I will not give away what Mia chooses, or why, but I will say that it made me think long and hard about what my choice would be in similar circumstances. There was a time (my early/mid teens) where I was utterly unafraid of death. It's not that I thought I was immortal or invincible, or that I had a free pass to heaven (I wasn't really a Christian even then), or anything like that- it's more like I just... didn't care. I didn't care one way or the other whether I was alive or dead. I wasn't going around looking for death, but I wasn't going out of my way to prevent it, either. (I remember one time looking over an edge and thinking that the only reason to be careful was that the drop wouldn't kill me.) As far as I was concerned, there was pretty much an equal draw to both- Mom on one side of Existence, Dad on the other (at that point in my development my brother didn't count as much as his own entity- which just goes to further illustrate how deeply stupid I was at that stage.)
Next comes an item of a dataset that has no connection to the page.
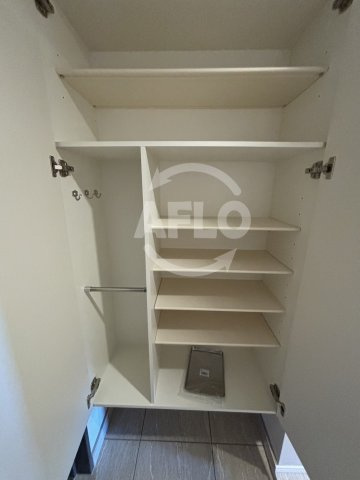 RJRプレシア南堀江の玄関|RJRプレシア南堀江　玄関収納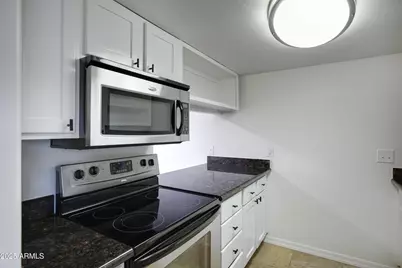 3619 E Monterosa Street #202, Phoenix, AZ 85018 - Photo 1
I have things to live for, now, which I have to say is pretty nice. Of course the downside to that is that I now feel something akin to a fear of death. Although it's not really a fear of death per se- it's more like a sadness at leaving behind what I love. My Afterlife beliefs aren't exactly fixed (that's a subject for another post entirely), so I guess you could say there is a certain fear of the unknown... not that it will be bad (I really don't believe it will) just that I don't know what it will be. And I'm anal retentive and I like to have a plan, damn it

Anyway, in light of the fact that I now have this wonderful abundance of people and things to live for, reading If I Stay made me wonder how much of it I'd have to lose before I'd go back to that lack-of-fear. Obviously I have my mother's example that you can survive a life-mate's death, even be happen again. But then I think- she had children. She had responsibility. Would I bother, if I didn't have that responsibility? I think I probably would but... until you're faced with it, I guess you don't know. And if I were to lose him, and my mom, and my brother, and my best friends, etc. etc., all in one bizarre fell swoop- how much loss could I survive?

I sincerely hope I never have to find out the answer to that question.

Of course it helps that I have a certain amount of derision for suicide as the easy way out. It's quite possible that even if everyone I ever loved suddenly dropped dead I'd keep going from sheer stubborn pride.

(Here, have another photo of Chicago from my wandering life-mate.)


EDIT: You know what, after giving it even more thought, I'd have to say it's not a fear of death so much as a love of life. Yeah, that's what I meant.